Question has nothing to do with `machine-learning` - kindly do not spam the tag (removed) — desertnaut, Jul 19 '18 at 16:20
This appears to be incorrect [ndjson](http://ndjson.org/), namely it is using single-quotes instead of double. This can be compensated for. Is the data in a file or in a vector? — r2evans, Jul 19 '18 at 16:33
Its in vector format. Its in a dataframe and genre is a column in the dataframe. jsonlite didnt work , it threw the error as you conveyed @r2evans. — Varun kadekar, Jul 19 '18 at 16:38

score 0 · Accepted Answer · answered Jul 19 '18 at 18:52

This appears to be incorrect ndjson, since it is using single-quotes. But this is otherwise usable, so we can parse it as JSON (with a fix); trying to parse JSON with regular expressions will likely give pain and frustration and regret.

Data:

vec <- c("[{'id': 16, 'name': 'Animation'}, {'id': 35, 'name': 'Comedy'}, {'id': 10751, 'name': 'Family'}]",
"[{'id': 12, 'name': 'Adventure'}, {'id': 14, 'name': 'Fantasy'}, {'id': 10751, 'name': 'Family'}]",
"[{'id': 10749, 'name': 'Romance'}, {'id': 35, 'name': 'Comedy'}]",
"[{'id': 35, 'name': 'Comedy'}, {'id': 18, 'name': 'Drama'}, {'id': 10749, 'name': 'Romance'}]")

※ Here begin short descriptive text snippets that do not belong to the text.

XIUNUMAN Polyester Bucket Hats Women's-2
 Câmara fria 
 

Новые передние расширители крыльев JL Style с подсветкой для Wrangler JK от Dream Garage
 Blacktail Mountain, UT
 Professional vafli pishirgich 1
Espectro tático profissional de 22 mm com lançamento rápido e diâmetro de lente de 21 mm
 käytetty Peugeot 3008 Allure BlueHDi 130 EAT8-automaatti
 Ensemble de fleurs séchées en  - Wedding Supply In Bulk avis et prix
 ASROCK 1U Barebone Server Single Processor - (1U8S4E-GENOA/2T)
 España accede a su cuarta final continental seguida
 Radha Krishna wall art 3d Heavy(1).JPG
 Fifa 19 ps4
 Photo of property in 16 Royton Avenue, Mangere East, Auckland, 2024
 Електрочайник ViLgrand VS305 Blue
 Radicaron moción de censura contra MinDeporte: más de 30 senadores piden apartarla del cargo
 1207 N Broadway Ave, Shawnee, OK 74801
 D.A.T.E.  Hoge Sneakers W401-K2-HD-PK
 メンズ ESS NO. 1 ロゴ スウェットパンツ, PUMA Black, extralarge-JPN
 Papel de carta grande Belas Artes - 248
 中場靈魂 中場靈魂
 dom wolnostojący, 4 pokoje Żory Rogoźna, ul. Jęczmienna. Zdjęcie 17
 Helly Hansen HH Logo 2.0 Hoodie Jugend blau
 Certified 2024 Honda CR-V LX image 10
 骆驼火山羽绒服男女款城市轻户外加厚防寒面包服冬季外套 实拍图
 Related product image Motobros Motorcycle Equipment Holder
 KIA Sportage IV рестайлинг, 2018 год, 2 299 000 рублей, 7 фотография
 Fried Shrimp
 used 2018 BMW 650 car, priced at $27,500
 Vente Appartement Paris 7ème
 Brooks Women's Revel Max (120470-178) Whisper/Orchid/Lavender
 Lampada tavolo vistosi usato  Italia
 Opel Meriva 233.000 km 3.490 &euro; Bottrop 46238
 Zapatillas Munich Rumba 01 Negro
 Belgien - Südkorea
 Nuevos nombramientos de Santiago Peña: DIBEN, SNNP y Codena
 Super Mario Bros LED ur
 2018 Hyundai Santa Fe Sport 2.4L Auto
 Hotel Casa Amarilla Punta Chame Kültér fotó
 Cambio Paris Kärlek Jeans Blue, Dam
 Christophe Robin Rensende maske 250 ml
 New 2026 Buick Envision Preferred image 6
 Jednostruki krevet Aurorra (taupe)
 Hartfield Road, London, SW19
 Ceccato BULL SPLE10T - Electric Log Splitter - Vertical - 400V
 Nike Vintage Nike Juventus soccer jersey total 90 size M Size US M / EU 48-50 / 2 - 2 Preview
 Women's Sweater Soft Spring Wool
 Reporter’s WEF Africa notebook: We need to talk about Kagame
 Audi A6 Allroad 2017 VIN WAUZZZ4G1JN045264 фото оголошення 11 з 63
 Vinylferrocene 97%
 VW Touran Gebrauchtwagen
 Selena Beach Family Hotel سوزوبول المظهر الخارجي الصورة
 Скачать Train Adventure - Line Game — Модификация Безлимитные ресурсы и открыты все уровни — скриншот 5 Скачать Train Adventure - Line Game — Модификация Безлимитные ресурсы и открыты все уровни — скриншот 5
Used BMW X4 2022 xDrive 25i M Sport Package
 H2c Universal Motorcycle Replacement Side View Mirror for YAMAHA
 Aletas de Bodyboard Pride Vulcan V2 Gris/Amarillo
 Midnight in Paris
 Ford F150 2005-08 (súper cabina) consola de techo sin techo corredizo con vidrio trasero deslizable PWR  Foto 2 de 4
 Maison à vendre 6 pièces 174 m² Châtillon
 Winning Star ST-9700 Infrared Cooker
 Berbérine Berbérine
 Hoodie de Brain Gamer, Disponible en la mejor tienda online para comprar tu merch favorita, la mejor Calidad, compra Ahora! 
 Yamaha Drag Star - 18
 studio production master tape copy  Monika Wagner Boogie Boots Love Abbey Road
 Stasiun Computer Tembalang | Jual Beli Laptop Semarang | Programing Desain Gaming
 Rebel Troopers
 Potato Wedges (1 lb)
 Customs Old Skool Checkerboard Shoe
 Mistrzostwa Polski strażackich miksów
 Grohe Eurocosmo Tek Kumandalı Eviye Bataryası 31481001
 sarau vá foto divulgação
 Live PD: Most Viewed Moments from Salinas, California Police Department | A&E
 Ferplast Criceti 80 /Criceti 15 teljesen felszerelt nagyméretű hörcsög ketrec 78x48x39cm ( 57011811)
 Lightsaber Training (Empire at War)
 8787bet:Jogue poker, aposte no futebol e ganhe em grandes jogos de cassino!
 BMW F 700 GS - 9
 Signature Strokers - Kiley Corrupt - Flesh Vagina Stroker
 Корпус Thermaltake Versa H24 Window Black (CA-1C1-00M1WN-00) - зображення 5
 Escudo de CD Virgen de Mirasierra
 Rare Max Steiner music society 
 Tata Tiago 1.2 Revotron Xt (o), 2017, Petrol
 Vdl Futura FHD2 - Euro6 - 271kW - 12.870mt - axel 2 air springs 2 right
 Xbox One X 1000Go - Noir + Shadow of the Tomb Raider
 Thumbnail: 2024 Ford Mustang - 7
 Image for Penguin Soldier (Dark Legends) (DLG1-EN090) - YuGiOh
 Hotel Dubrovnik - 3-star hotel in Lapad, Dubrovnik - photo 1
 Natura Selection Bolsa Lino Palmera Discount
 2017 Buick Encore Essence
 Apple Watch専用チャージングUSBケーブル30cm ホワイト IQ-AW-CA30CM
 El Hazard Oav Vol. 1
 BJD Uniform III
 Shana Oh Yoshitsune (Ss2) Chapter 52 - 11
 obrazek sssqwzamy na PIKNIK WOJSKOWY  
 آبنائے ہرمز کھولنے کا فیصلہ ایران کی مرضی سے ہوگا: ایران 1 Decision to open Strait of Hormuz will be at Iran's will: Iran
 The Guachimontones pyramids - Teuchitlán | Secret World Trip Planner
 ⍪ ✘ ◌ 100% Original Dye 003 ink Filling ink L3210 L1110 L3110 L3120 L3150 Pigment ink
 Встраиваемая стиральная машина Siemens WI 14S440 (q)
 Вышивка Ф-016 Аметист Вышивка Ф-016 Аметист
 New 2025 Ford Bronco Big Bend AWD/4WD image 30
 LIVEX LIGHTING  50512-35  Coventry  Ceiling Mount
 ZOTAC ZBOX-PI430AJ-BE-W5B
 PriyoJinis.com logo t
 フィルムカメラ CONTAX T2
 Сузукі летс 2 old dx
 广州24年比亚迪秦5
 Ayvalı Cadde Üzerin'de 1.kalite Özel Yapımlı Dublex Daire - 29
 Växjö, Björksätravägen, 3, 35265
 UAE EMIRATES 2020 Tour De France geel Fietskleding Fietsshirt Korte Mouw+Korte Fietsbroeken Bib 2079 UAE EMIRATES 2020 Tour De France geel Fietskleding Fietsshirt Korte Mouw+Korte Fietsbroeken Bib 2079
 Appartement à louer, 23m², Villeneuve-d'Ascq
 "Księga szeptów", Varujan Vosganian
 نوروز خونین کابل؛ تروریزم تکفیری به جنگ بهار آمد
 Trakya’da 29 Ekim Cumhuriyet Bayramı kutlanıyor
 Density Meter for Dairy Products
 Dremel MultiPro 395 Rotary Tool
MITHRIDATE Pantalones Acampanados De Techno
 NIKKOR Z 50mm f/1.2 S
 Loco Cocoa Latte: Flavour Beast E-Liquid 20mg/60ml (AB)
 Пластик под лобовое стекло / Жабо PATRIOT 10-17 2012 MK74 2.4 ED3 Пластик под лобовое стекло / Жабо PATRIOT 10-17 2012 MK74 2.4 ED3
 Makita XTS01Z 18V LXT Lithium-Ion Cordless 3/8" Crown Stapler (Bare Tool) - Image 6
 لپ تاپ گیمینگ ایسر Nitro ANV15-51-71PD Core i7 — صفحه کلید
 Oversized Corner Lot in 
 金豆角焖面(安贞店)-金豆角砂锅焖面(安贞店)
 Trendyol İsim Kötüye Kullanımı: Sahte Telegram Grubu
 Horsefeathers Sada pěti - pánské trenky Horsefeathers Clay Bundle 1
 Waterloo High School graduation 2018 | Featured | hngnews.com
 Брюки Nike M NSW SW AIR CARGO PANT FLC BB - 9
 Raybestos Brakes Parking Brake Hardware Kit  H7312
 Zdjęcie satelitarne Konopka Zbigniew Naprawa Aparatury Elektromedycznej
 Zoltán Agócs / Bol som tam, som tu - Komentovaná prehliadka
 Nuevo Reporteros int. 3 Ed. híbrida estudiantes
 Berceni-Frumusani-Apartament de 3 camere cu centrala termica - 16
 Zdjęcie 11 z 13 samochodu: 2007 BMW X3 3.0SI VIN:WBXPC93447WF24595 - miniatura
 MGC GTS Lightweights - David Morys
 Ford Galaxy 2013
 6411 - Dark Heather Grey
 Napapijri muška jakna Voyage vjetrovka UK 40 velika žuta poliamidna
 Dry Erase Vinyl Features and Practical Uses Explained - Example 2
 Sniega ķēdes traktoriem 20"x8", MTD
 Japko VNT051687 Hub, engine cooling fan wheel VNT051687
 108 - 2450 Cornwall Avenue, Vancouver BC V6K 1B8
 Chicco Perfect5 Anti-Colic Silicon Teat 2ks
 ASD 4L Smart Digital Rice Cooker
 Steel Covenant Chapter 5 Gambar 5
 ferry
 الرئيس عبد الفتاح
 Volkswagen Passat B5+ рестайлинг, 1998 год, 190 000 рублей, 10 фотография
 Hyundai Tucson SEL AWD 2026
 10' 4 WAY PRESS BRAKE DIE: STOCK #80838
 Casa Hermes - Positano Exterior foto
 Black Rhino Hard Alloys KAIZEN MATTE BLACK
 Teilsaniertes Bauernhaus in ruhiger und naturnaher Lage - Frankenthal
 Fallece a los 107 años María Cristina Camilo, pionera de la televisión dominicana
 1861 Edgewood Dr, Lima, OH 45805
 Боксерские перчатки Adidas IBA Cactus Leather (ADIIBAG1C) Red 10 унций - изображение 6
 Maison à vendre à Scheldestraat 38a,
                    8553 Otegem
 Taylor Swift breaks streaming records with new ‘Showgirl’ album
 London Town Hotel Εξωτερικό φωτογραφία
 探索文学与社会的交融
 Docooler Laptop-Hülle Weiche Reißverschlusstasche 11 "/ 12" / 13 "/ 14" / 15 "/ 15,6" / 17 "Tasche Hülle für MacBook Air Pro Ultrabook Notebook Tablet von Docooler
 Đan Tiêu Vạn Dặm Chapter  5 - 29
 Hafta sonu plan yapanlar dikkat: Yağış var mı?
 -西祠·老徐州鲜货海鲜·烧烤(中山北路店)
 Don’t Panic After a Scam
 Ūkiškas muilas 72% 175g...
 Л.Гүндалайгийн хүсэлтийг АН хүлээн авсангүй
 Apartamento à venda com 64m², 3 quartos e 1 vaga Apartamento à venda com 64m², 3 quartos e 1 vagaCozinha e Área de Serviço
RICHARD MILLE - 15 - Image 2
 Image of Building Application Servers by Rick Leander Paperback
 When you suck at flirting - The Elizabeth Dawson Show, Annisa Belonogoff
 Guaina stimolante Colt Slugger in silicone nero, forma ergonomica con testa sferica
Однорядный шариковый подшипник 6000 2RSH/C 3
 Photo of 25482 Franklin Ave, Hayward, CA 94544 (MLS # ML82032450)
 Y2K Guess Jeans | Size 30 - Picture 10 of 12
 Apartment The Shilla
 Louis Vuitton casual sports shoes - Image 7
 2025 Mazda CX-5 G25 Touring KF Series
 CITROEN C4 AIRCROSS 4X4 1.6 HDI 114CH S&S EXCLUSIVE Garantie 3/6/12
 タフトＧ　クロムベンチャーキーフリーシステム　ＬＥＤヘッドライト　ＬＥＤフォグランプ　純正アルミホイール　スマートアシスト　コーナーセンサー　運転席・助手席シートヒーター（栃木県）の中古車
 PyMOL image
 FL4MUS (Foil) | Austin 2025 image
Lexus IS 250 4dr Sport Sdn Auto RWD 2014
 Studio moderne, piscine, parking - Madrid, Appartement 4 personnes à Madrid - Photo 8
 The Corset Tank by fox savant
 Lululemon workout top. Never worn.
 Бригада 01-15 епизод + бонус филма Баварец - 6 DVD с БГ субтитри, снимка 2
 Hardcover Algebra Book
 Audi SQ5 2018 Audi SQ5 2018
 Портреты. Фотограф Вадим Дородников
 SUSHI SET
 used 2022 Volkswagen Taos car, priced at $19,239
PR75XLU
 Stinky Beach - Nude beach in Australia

Brute-force with Regular Expressions

I'm not even going to attempt it: Regex for parsing single key: values out of JSON in Javascript. Other Q/As exist for other languages that all say the same thing: do not attempt. You can contrive a regex that handles "perfect" and "identically-structured" json, but as soon as valid-but-different json structuring comes along, you're done.

Avoid this.

(Using any string-split function is effectively attempting vanilla/fixed regular expression work. I'm not trying to start a flame-war over the semantics of str_split_fixed, strsplit, ... versus complex regex operations, I think the end-result is that there are great json-parsers out there, and they are much better/faster/more-robust than any string-splitter we can concoct.)

Brute-force with `jsonlite::fromJSON`

The first cut at code just processes the vector as-is. It's a little inefficient in that it is calling fromJSON independent for each one. If your vector is short then this might not be a problem. If this is taking a while, you might want to proceed to the use of stream_in. (Note that this is not treating it like ndjson.)

ret <- lapply(gsub("'",'"',vec), jsonlite::fromJSON)
str(ret)
# List of 4
#  $ :'data.frame': 3 obs. of  2 variables:
#   ..$ id  : int [1:3] 16 35 10751
#   ..$ name: chr [1:3] "Animation" "Comedy" "Family"
#  $ :'data.frame': 3 obs. of  2 variables:
#   ..$ id  : int [1:3] 12 14 10751
#   ..$ name: chr [1:3] "Adventure" "Fantasy" "Family"
#  $ :'data.frame': 2 obs. of  2 variables:
#   ..$ id  : int [1:2] 10749 35
#   ..$ name: chr [1:2] "Romance" "Comedy"
#  $ :'data.frame': 3 obs. of  2 variables:
#   ..$ id  : int [1:3] 35 18 10749
#   ..$ name: chr [1:3] "Comedy" "Drama" "Romance"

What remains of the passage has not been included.